| WHAT YOU SHOULD DO |
Starting at the first line below, copy through to the last line exactly.

GIVEN DATA Start Marker

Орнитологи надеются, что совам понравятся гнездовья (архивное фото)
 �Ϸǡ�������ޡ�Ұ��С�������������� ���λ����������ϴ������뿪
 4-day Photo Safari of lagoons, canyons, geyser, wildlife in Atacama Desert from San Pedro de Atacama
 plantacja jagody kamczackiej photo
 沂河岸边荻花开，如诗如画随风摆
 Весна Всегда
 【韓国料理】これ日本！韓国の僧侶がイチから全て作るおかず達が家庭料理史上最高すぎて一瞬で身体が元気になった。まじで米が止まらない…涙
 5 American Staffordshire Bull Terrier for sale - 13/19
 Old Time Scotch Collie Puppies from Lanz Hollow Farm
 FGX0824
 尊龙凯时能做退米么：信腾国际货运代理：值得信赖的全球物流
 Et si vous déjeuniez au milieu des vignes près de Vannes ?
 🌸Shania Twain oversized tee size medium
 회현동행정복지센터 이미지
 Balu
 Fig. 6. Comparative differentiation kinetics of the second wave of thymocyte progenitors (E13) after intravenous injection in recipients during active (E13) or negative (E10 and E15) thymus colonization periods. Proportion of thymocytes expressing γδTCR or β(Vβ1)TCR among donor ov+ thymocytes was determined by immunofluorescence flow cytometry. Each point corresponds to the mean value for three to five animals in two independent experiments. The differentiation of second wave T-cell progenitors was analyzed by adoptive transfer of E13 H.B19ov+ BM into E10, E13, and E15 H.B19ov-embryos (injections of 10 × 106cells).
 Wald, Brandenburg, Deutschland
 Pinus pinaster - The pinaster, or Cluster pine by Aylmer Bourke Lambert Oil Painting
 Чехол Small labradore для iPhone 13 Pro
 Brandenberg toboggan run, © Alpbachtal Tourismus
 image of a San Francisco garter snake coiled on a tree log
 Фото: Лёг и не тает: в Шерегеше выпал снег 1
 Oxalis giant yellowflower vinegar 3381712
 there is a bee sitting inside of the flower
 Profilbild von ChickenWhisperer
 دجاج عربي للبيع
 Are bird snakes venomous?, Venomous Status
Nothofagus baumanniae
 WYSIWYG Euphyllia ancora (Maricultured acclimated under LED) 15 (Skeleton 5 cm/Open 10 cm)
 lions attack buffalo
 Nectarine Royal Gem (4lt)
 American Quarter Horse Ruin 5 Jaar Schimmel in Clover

GIVEN DATA End Marker

| ANSWER TO THIS EXERCISE |
Орнитологи надеются, что совам понравятся гнездовья (архивное фото)
 �Ϸǡ�������ޡ�Ұ��С�������������� ���λ����������ϴ������뿪
 4-day Photo Safari of lagoons, canyons, geyser, wildlife in Atacama Desert from San Pedro de Atacama
 plantacja jagody kamczackiej photo
 沂河岸边荻花开，如诗如画随风摆
 Весна Всегда
 【韓国料理】これ日本！韓国の僧侶がイチから全て作るおかず達が家庭料理史上最高すぎて一瞬で身体が元気になった。まじで米が止まらない…涙
 5 American Staffordshire Bull Terrier for sale - 13/19
 Old Time Scotch Collie Puppies from Lanz Hollow Farm
 FGX0824
 尊龙凯时能做退米么：信腾国际货运代理：值得信赖的全球物流
 Et si vous déjeuniez au milieu des vignes près de Vannes ?
 🌸Shania Twain oversized tee size medium
 회현동행정복지센터 이미지
 Balu
 Fig. 6. Comparative differentiation kinetics of the second wave of thymocyte progenitors (E13) after intravenous injection in recipients during active (E13) or negative (E10 and E15) thymus colonization periods. Proportion of thymocytes expressing γδTCR or β(Vβ1)TCR among donor ov+ thymocytes was determined by immunofluorescence flow cytometry. Each point corresponds to the mean value for three to five animals in two independent experiments. The differentiation of second wave T-cell progenitors was analyzed by adoptive transfer of E13 H.B19ov+ BM into E10, E13, and E15 H.B19ov-embryos (injections of 10 × 106cells).
 Wald, Brandenburg, Deutschland
 Pinus pinaster - The pinaster, or Cluster pine by Aylmer Bourke Lambert Oil Painting
 Чехол Small labradore для iPhone 13 Pro
 Brandenberg toboggan run, © Alpbachtal Tourismus
 image of a San Francisco garter snake coiled on a tree log
 Фото: Лёг и не тает: в Шерегеше выпал снег 1
 Oxalis giant yellowflower vinegar 3381712
 there is a bee sitting inside of the flower
 Profilbild von ChickenWhisperer
 دجاج عربي للبيع
 Are bird snakes venomous?, Venomous Status
Nothofagus baumanniae
 WYSIWYG Euphyllia ancora (Maricultured acclimated under LED) 15 (Skeleton 5 cm/Open 10 cm)
 lions attack buffalo
 Nectarine Royal Gem (4lt)
 American Quarter Horse Ruin 5 Jaar Schimmel in Clover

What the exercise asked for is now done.